Handling Site UI (and other dynamic text) in Bilara

sujato · June 16, 2020, 2:01am

We are looking to add the site UI translations to Bilara. Here is a technical discussion towards that.

@blake @Robbie @karl_lew @sabbamitta @HongDa @Aminah

Segment IDs

UI text differs in several respects from suttas. For the sutta, the segment numbers:

Uniquely identify a segment in the corpus
Give the sequence of segments inside that text.
Reflect the semantic structure of the text and/or connect it with other editions
Coordinate segments across a wide variety of materials (notes, variants, etc.)
Maintain consistency over time.

For UI text, points 3, 4, and 5 are irrelevant, which makes things simpler. On the other hand, we introduce a new element:

UI text changes over time.

This is a significant difference, since the assumption behind Sutta text is that it aims for 100% stability. Our site UI does not change very much, but still, it should be simple to update.

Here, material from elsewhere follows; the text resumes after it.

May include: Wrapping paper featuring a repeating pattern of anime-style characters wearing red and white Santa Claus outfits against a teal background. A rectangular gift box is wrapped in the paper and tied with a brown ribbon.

Currently the UI files use a hash to identity strings. This hash is wrapped in HTML for structure, and the whole served as a tagged template literal via LitElement’s html function. Let’s take the Start page as an example.

 <p>
     ${this.localize('5b7b920de41da5d9441b0e71fbe6fa63')}
 </p>

The system is instructed to localize it when the text is requested in a different language.

Note that this system is quite different to the one used for texts on Bilara. Even the location is different: these texts are stored in /suttacentral.

Of the two main functions of segement IDs, hashes only achieve the first: they uniquely identify the string. However as random numbers they do not provide a sequence. What to do?

This is my first proposal:

Handling of UI text should be as similar to suttas as possible.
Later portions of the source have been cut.